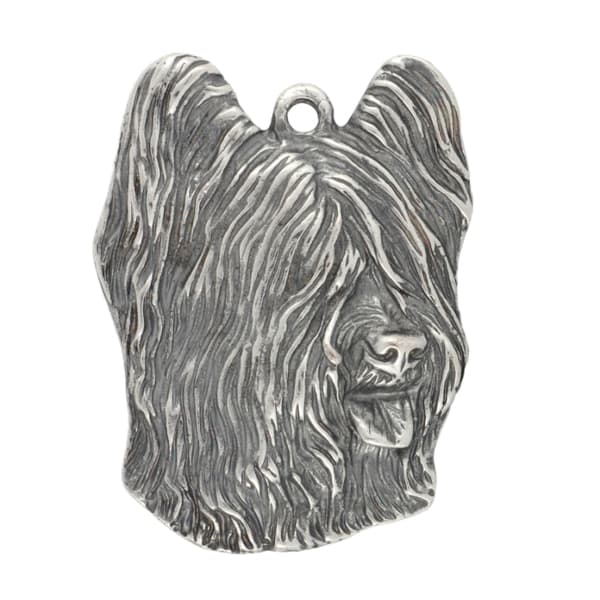 French Shepherd Briard, Berger de Brie - silverpläterad nyckelring med hund, handväska dekoration, ryggsäckshänge från Art-Dog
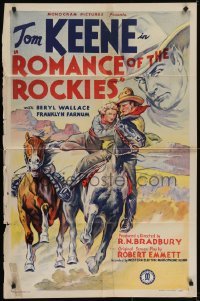4s803 ROMANCE OF THE ROCKIES 1sh R1940s cool art of cowboy Tom Keene on horse rescuing girl!
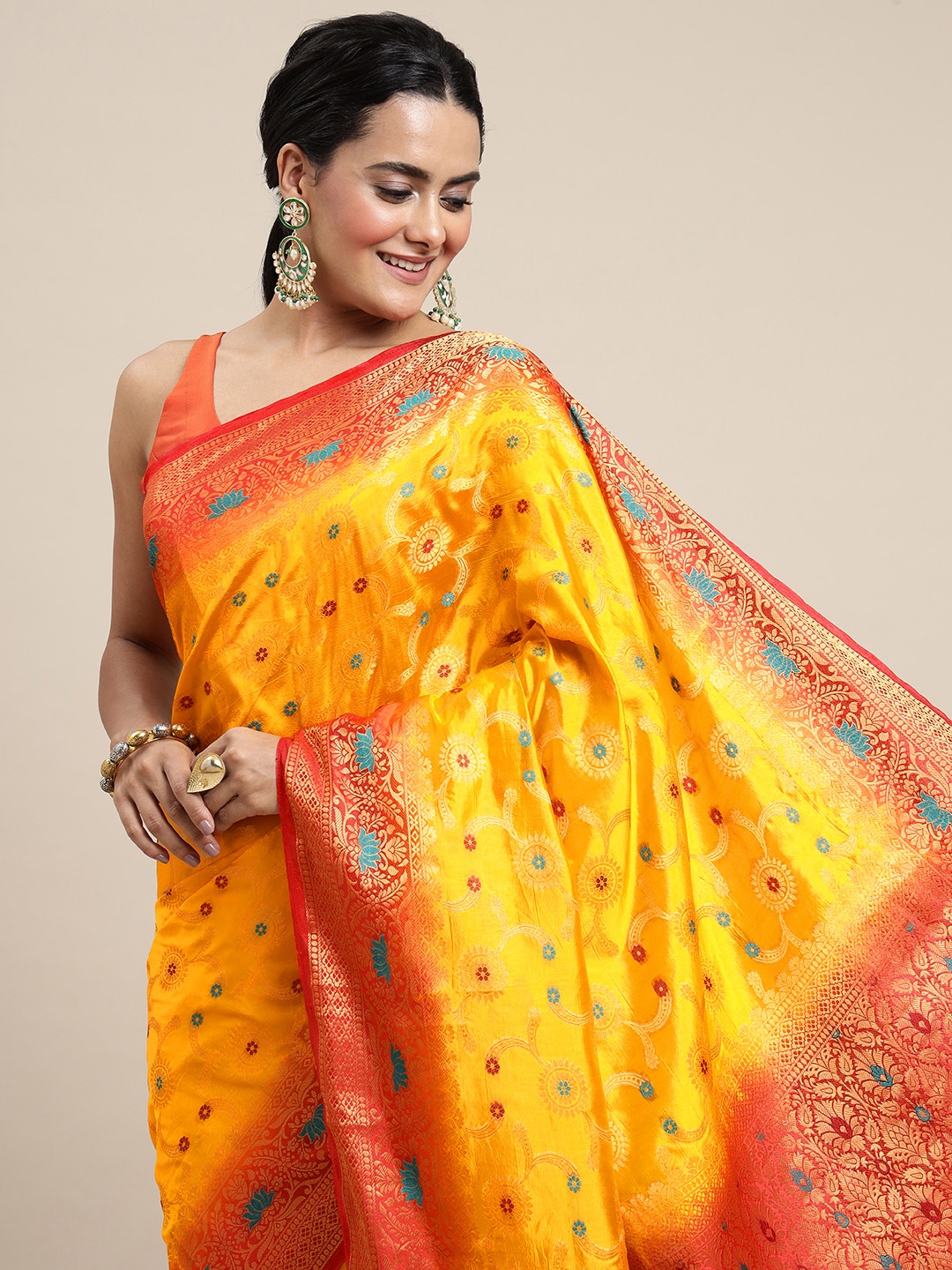 

Royal Rajgharana Saree Yellow & Red Woven Design Zari Silk Blend Banarasi Saree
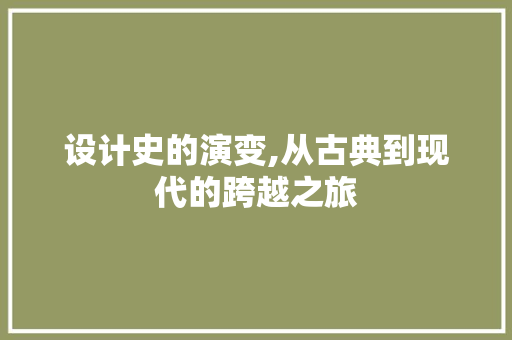 设计史的演变,从古典到现代的跨越之旅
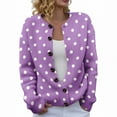 thumbnail image 1 of Holzkary Fall Sweater for Women Winter Coats Polka Dot Cute Sweaters Women's Open Front Cardigans Cute Flower Print Sweaters Crew Neck Button Down Trendy Fall Tops Coat Purple Xl, 1 of 7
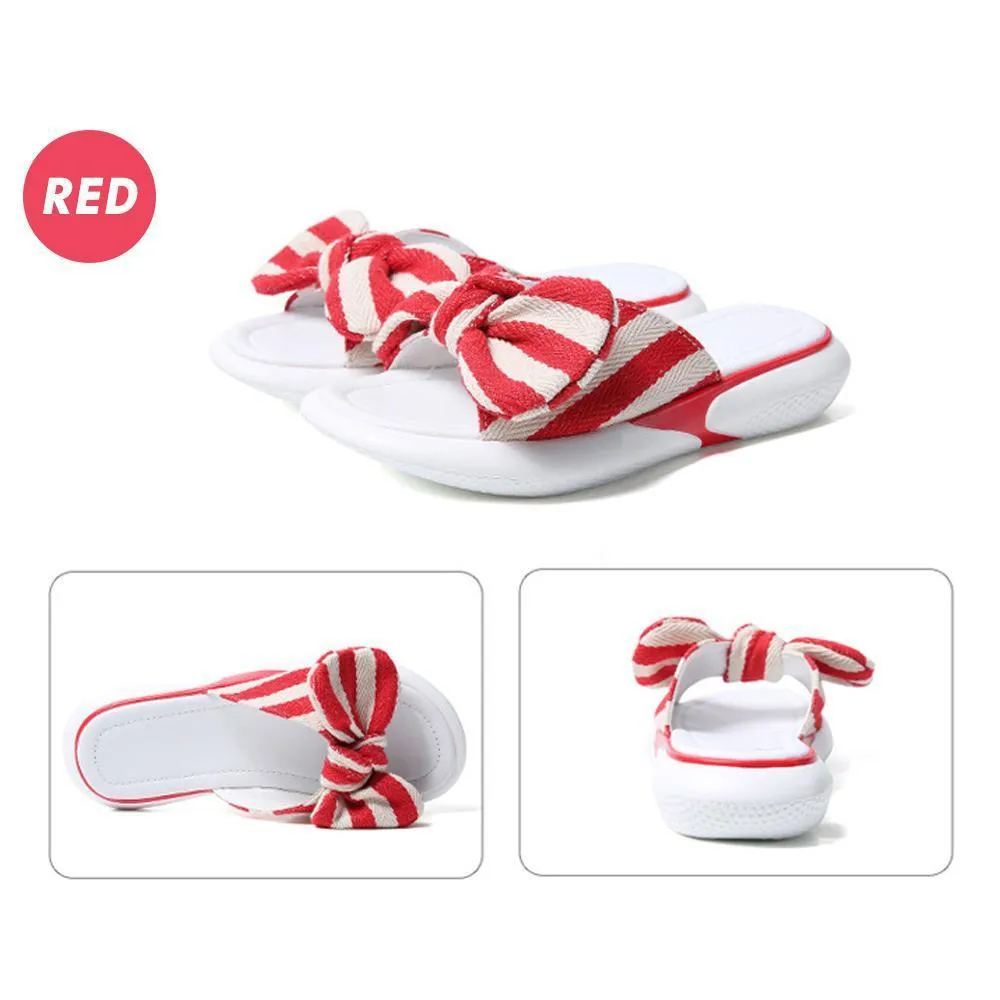 Fashion Open Toe Wedges Bowties Stripe Slides Slippers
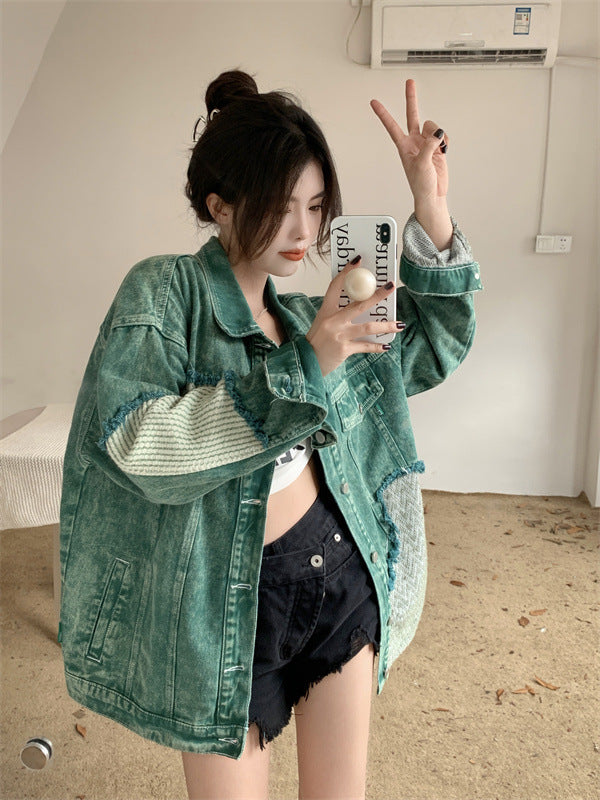 【Outer】切り替えデザインデニムジャケット W14037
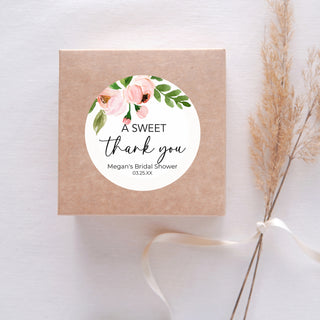 Light Pink Floral Favor Stickers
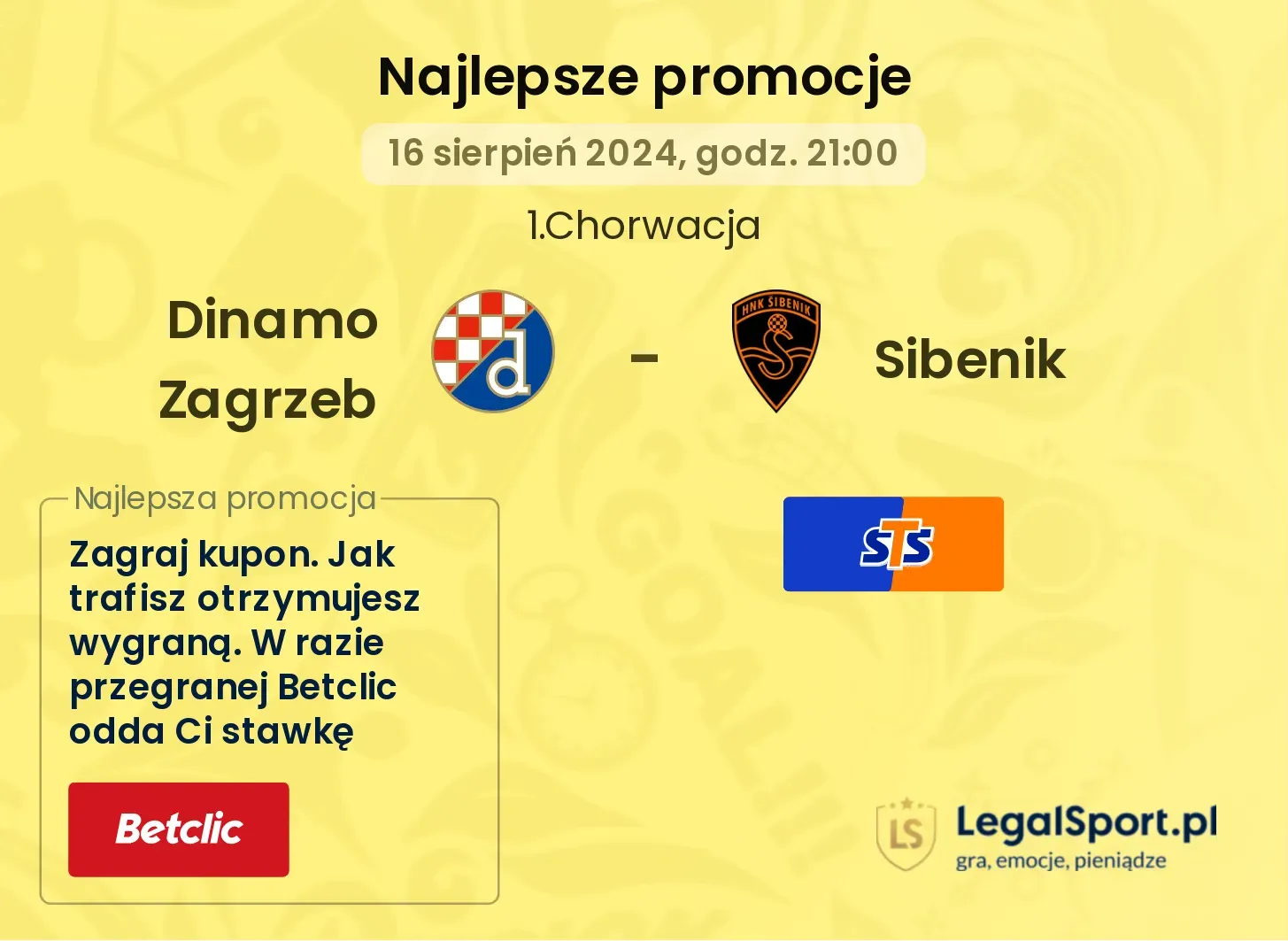 Dinamo Zagrzeb - Sibenik promocje bonusy na mecz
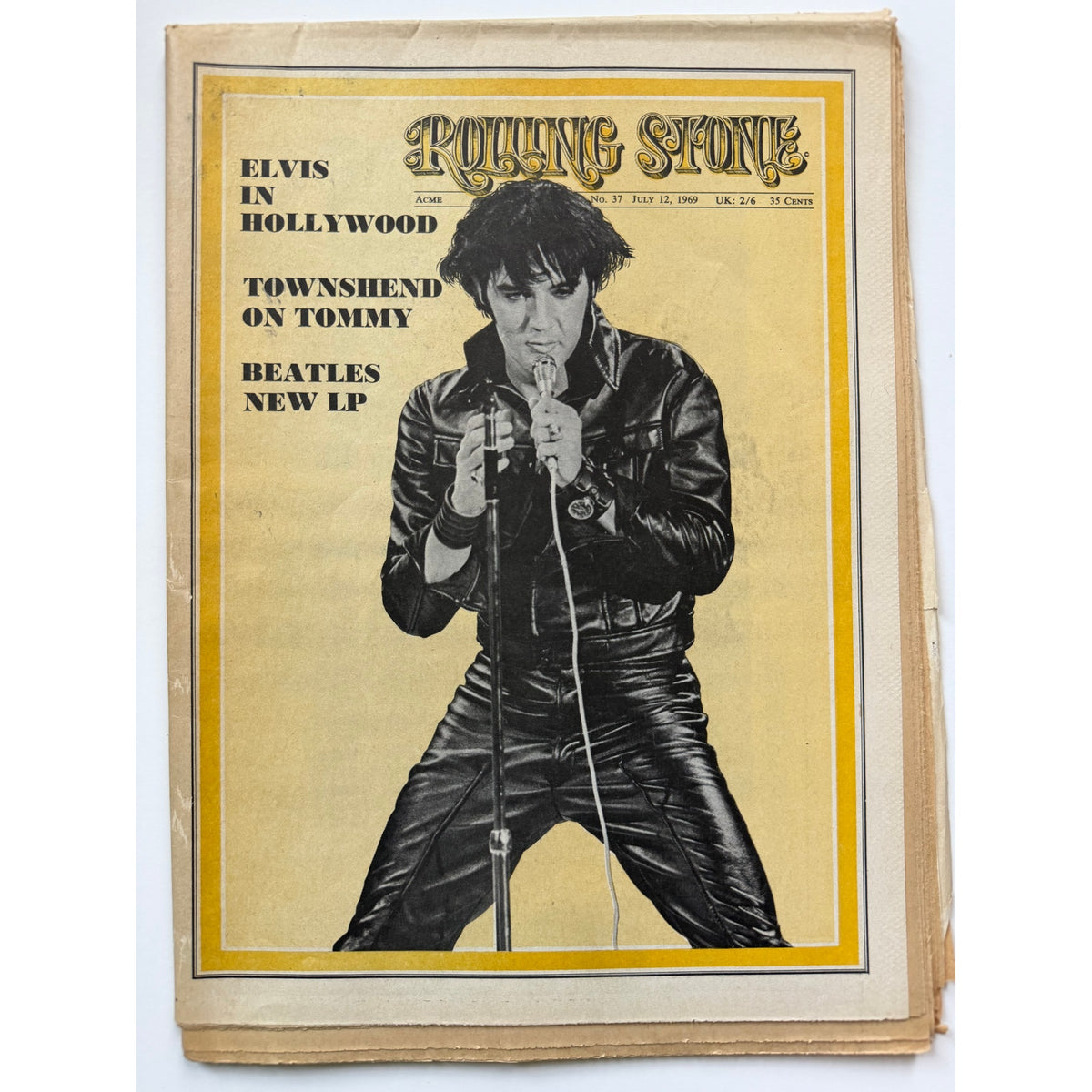 1969 Rolling Stone Elvis Presley Magazine Graceland, TCB, The King, 68 Comeback Special, Jailhouse Rock, King Creole, Hound Dog
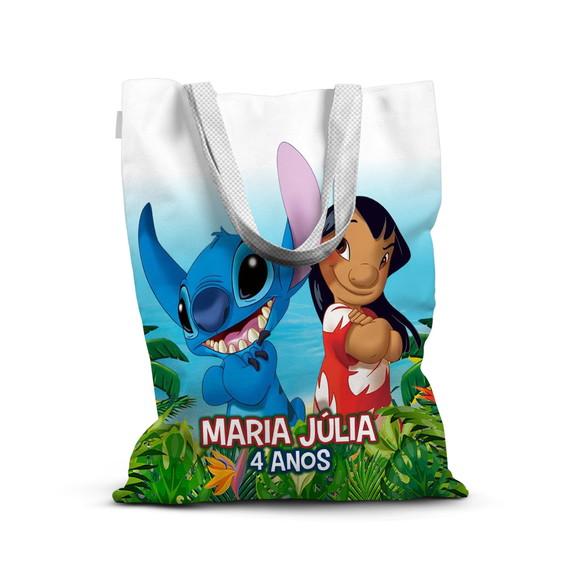 Sacolinha de Tecido para Festa Lilo e Stitch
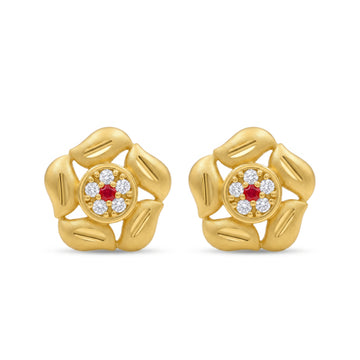 PRAO Earrings Anti-Tarnish Floral Crystal Studs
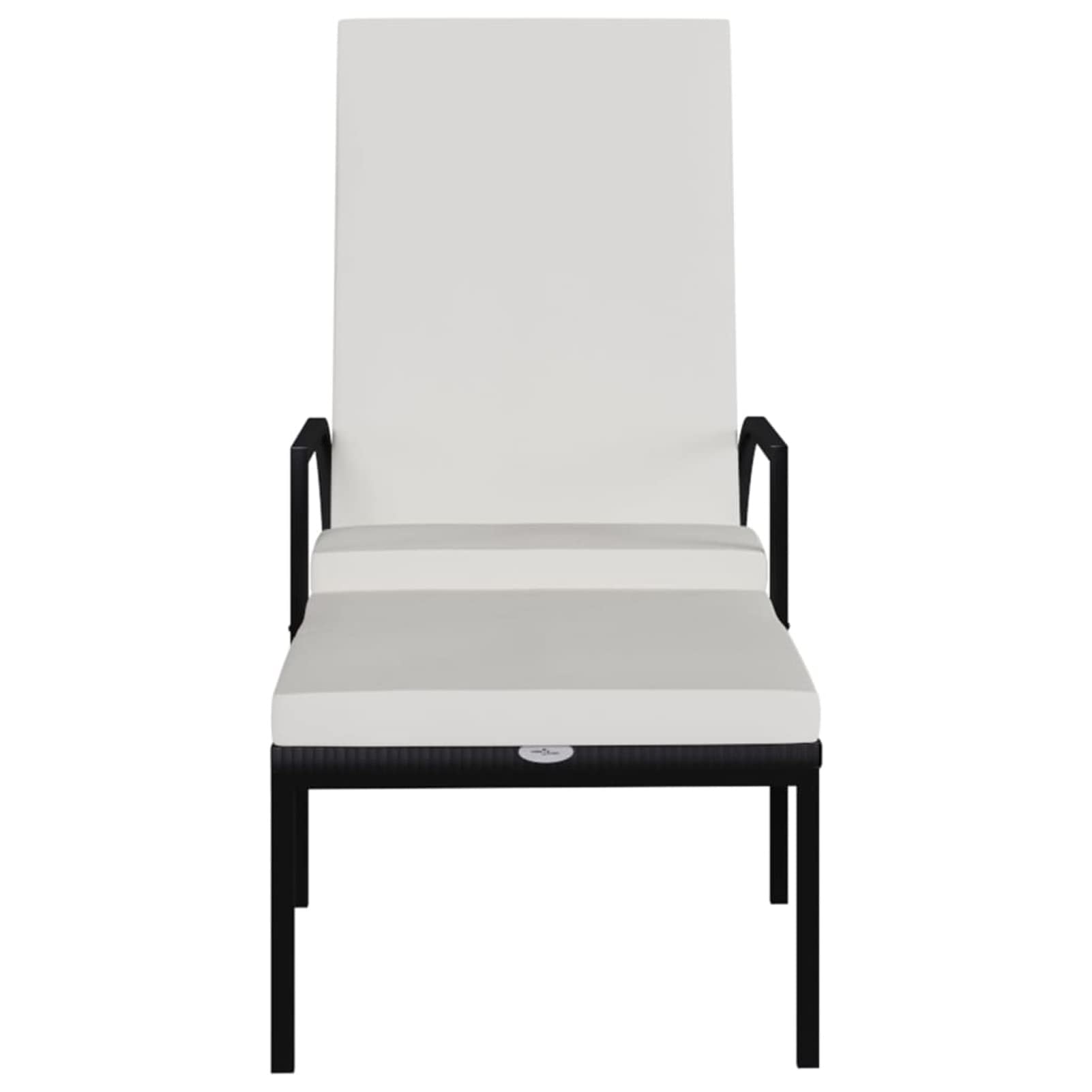 Homgoday Lettini Prendisole 2 pz con Poggiapiedi in Rattan PE Nero, Divani per Esterno da Giardino, Divano Salotto Giardino, Divano Terrazzo Esterno, Arredamento Giardino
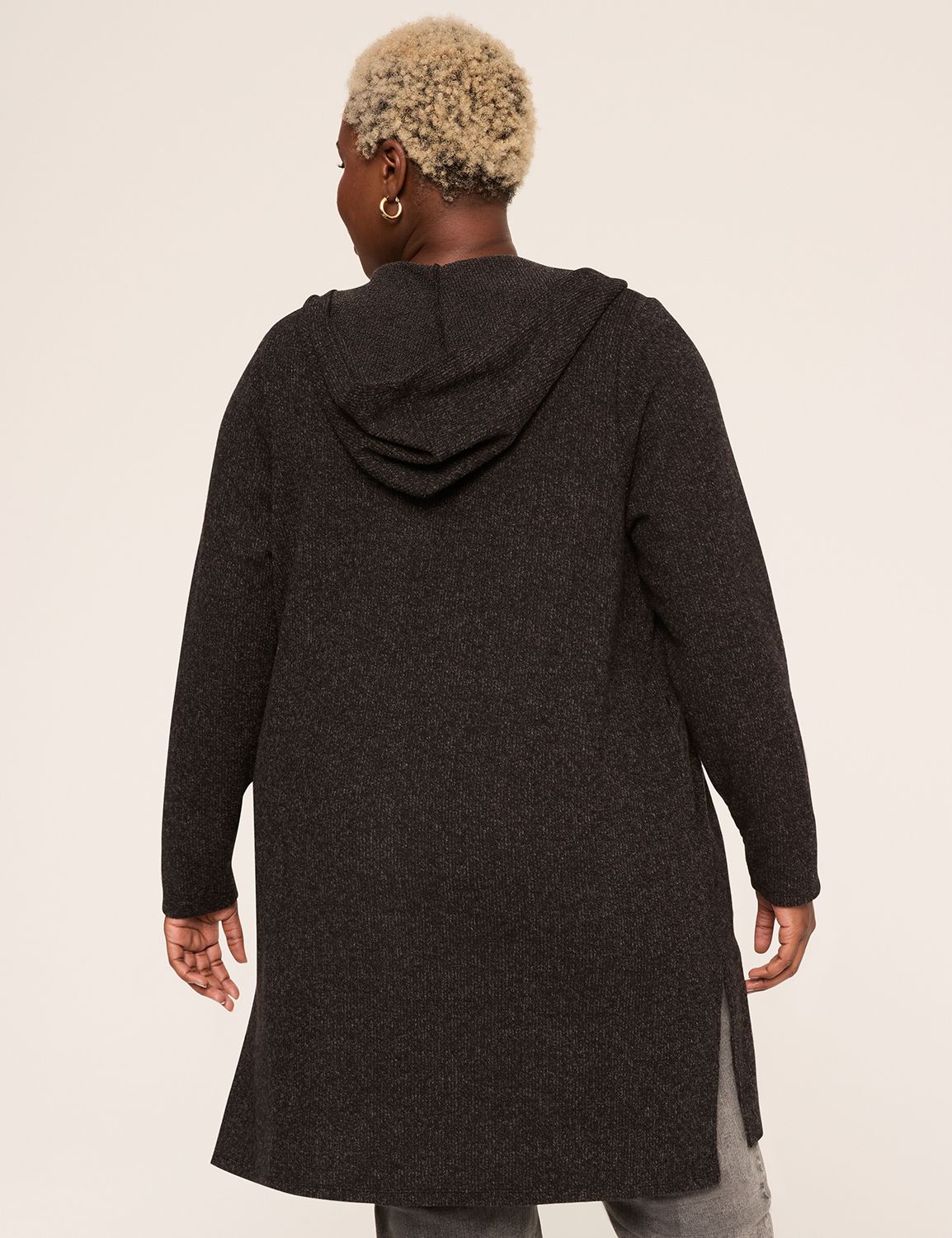 Rib Open-Front Hoodie Overpiece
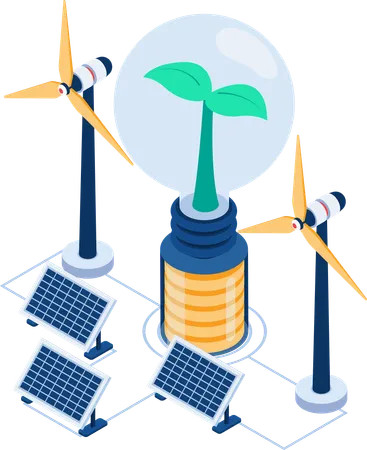 Flat 3 D Isometric Light Bulb Powered By Solar Cell And Wind Turbine Clean Energy And Renewable Power Concept Illustration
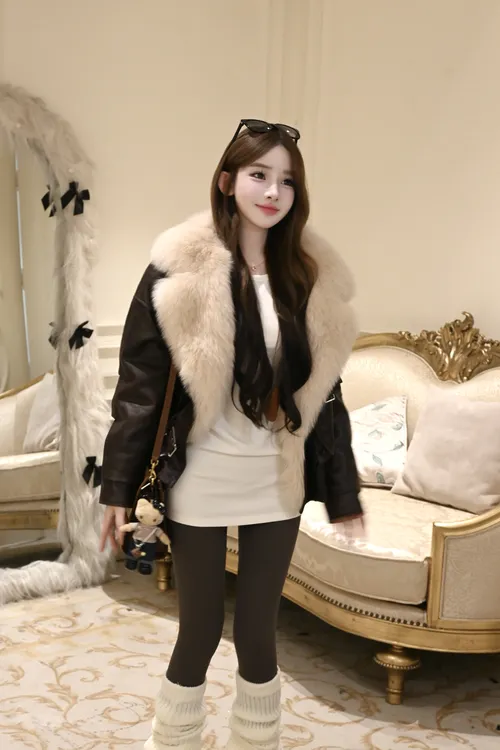 TUTU【费里街区】毛领狐狸毛/90鹅绒麂皮修身皮草羽绒服外套#WT1566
== == ==
ASSIGNMENT: Write out again, word for word, the lines from the one holding "thumbnail image 1" through the final line of the listing, including both ends but no pictures.

EXPECTED OUTPUT:
 thumbnail image 1 of Holzkary Fall Sweater for Women Winter Coats Polka Dot Cute Sweaters Women's Open Front Cardigans Cute Flower Print Sweaters Crew Neck Button Down Trendy Fall Tops Coat Purple Xl, 1 of 7
 Fashion Open Toe Wedges Bowties Stripe Slides Slippers
 【Outer】切り替えデザインデニムジャケット W14037
 Light Pink Floral Favor Stickers
 Dinamo Zagrzeb - Sibenik promocje bonusy na mecz
 1969 Rolling Stone Elvis Presley Magazine Graceland, TCB, The King, 68 Comeback Special, Jailhouse Rock, King Creole, Hound Dog
 Sacolinha de Tecido para Festa Lilo e Stitch
 PRAO Earrings Anti-Tarnish Floral Crystal Studs
 Homgoday Lettini Prendisole 2 pz con Poggiapiedi in Rattan PE Nero, Divani per Esterno da Giardino, Divano Salotto Giardino, Divano Terrazzo Esterno, Arredamento Giardino
 Rib Open-Front Hoodie Overpiece
 Flat 3 D Isometric Light Bulb Powered By Solar Cell And Wind Turbine Clean Energy And Renewable Power Concept Illustration
 TUTU【费里街区】毛领狐狸毛/90鹅绒麂皮修身皮草羽绒服外套#WT1566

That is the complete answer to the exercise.